I have fallen in love with El Salvador – yes, if your a frequent reader you will surely know I say this often but I just can’t help it – I love the world! However in this case it took only a matter of days to fall head over heels for El Salvador, and a big part of this was my tour of the Route of the Flowers from Bytto.com! The Route of Flowers is a one-day scenic tour of small town El Salvador filled with exquisite gastronomy, picturesque buildings, boutique markets and oodles and oodles of local life. Sounds almost too good to be true right! Located on a 36 kilometre stretch of road high in the mountains, the Route of Flowers was named for the rainbow of wildflowers that blanket this region between October and February, but has now become famed throughout Central America for not only it’s scenery but also for having El Salvador’s most attractive colonial towns.

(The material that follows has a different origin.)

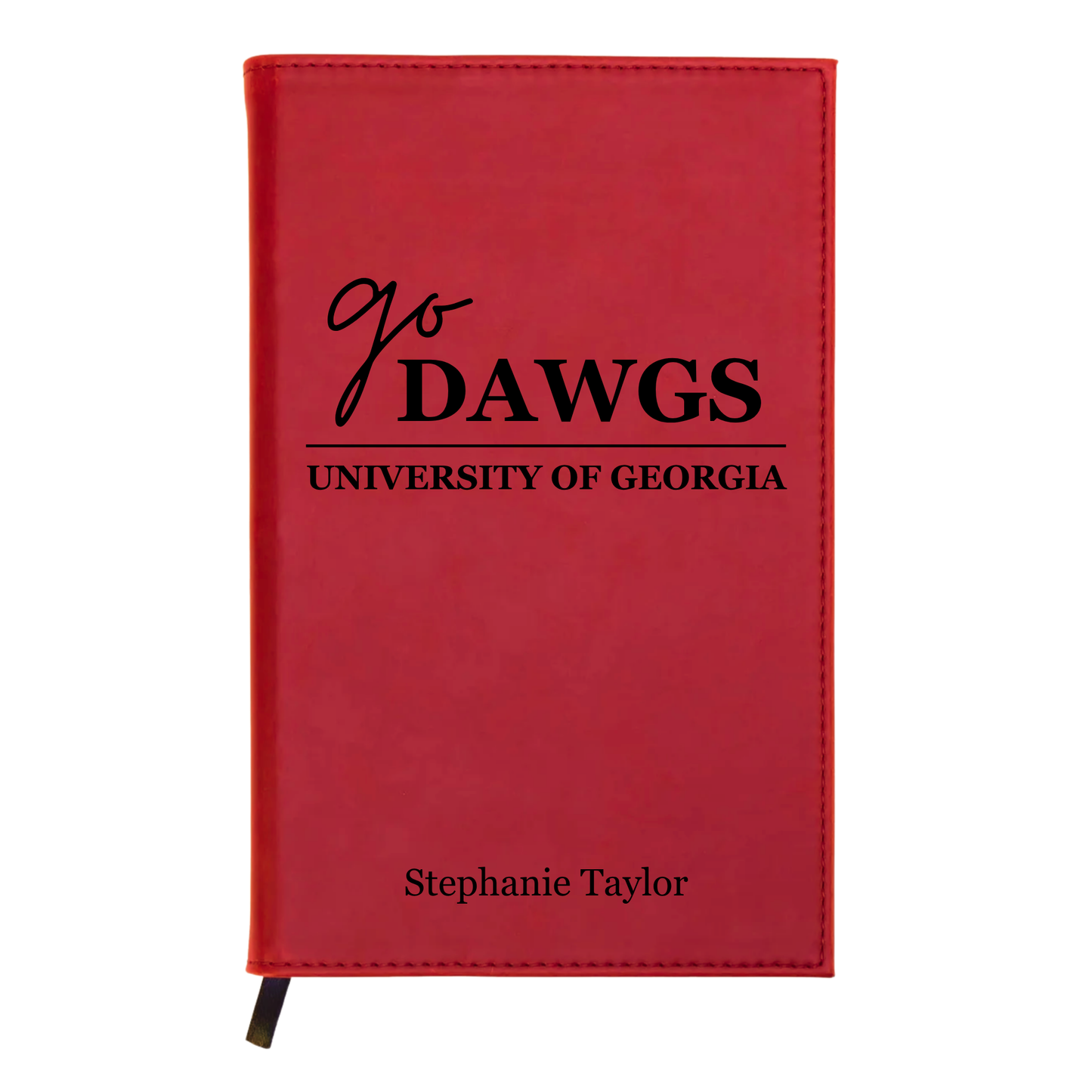College Leatherette Refillable Journal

If you want to truly experience El Salvador this is the ideal tour for you, and if you don’t believe me – just ask a friendly San Salvadorian, who will back me up and tell you how locals dream of escaping the hectic chaos of city life and replacing it with the laid-back vibes and cooler temperature of any of the Route of Flower towns – Even if it is just for a weekend!…And as they say, when in Rome do as the Romans do. It would be rude not too! Read on to find the highlights of a Route of Flowers Tour and to discover the beautiful and unique towns of Salcoatitan, Juayua, Apaneca and Ataco in El Salvador.

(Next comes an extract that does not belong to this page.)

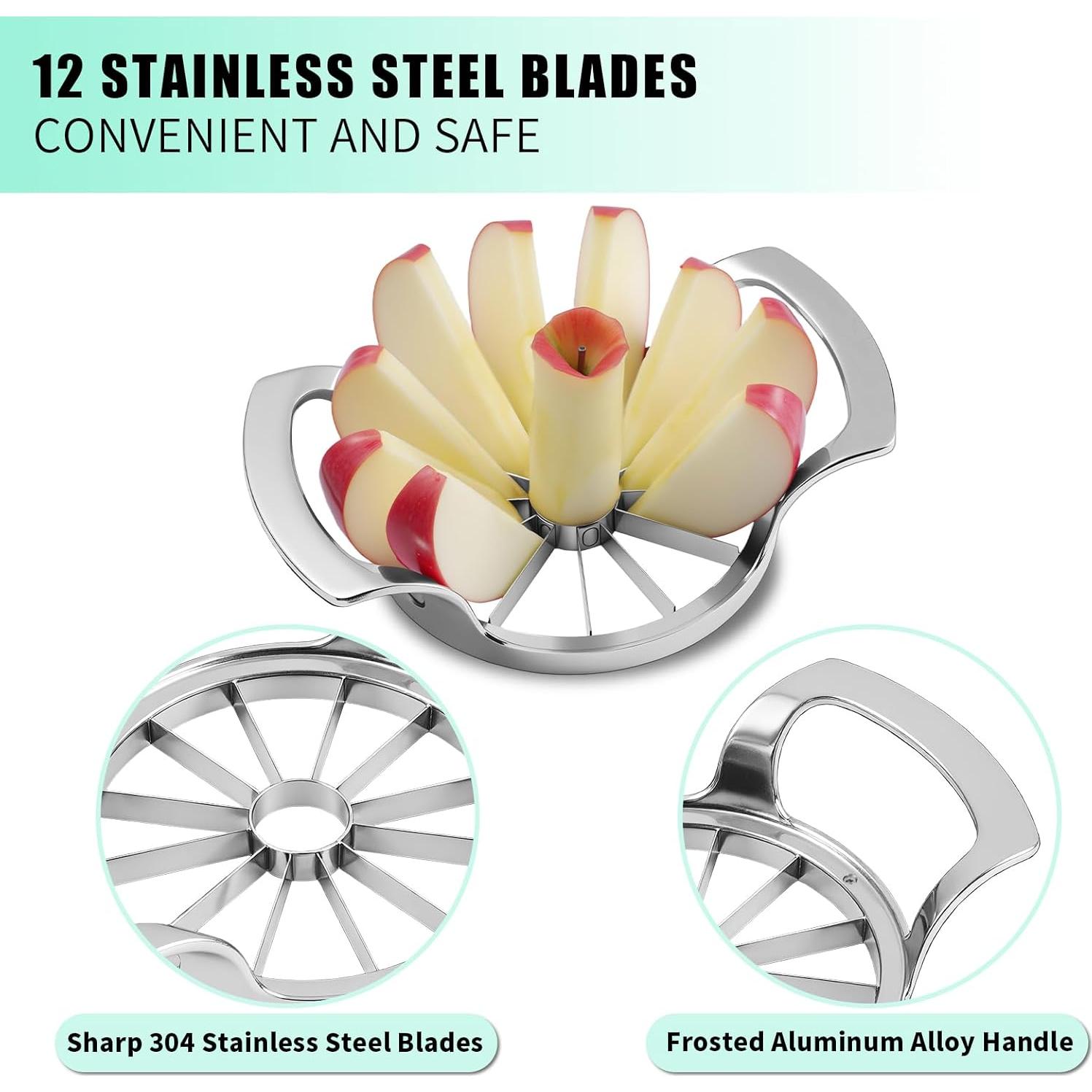 Cortador de Manzanas LIIGEMI con 12 Cuchillas de Acero Inoxidable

Or first stop on the Route of Flowers in El Salvador was Salcoatitán – a quaint, little town filled with colourful locals which is named, weirdly enough, after the local god of wind…. Don’t ask why because I have no idea, and neither does anyone else apparently! Salcoatitán is probably the most local of the four towns we visited and it’s main attractions are the beautiful white colonial church next to it’s picturesque central park and it’s famous gastronomy. To be specific this town has some of the best Yucca dishes in all of El Salvador, if not in the entire world, and its Yucca shops have became so popular that the roadside stalls which made the mouth-watering dishes had to be moved into a custom built food court as they were causing traffic bedlam… Which I can totally understand after tasting! If you can manage to go on a Sunday they also have a micro-gastronomical festival complete with drag entertainment (at least when I was there) and I highly recommend you sample a few things, but if you are short on time go for the ‘Yucca mixto con chicharrón’ (fried pork belly). Trust me you will have no regrets! Salcoatitán also has some nice street art and a museum with a crazy variety of old printing presses and wood carvings, which is way more interesting that it sounds!

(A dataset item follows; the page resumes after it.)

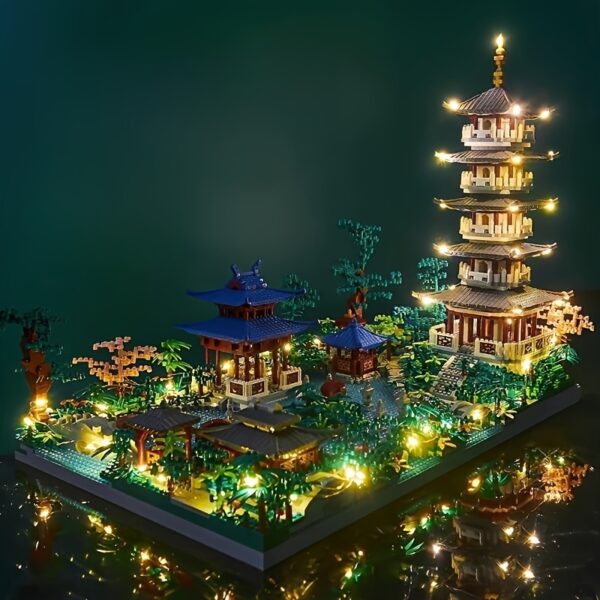 3800 + PCS Hangzhou West Lake building blocks, construction difficult toys, Christmas gifts - Image 3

Hopefully you’re not too full from the first stop (if so – rookie mistake!) because the next town, Juayua, truly is a gastronomical delight with a ridiculous amount of typical El Salvadorian food, lovingly prepared and ready for you to devour! Every week in front of Juayua’s colonial church a giant market appears and held within is one of the most fabulous gastronomical festival I have ever lay witness too! Literally every type of delicious food you could imagine is available here (El Salvadorian food is famous worldwide for a reason!) with live music and chairs to relax and take it all in. Trust me, you will struggle to choose just one meal here so all I can do is recommend going with as many people as possible so you can all share together! Juayua also has a permanent market which is interesting to explore and a small electric train on which your can see a bit more of the town without scuffing your shoes. We didn’t have time but if you opt for a two day trip of the Flower’s route you can also see one of El Salvador’s most famous natural attractions from here: The Los Chorros waterfall!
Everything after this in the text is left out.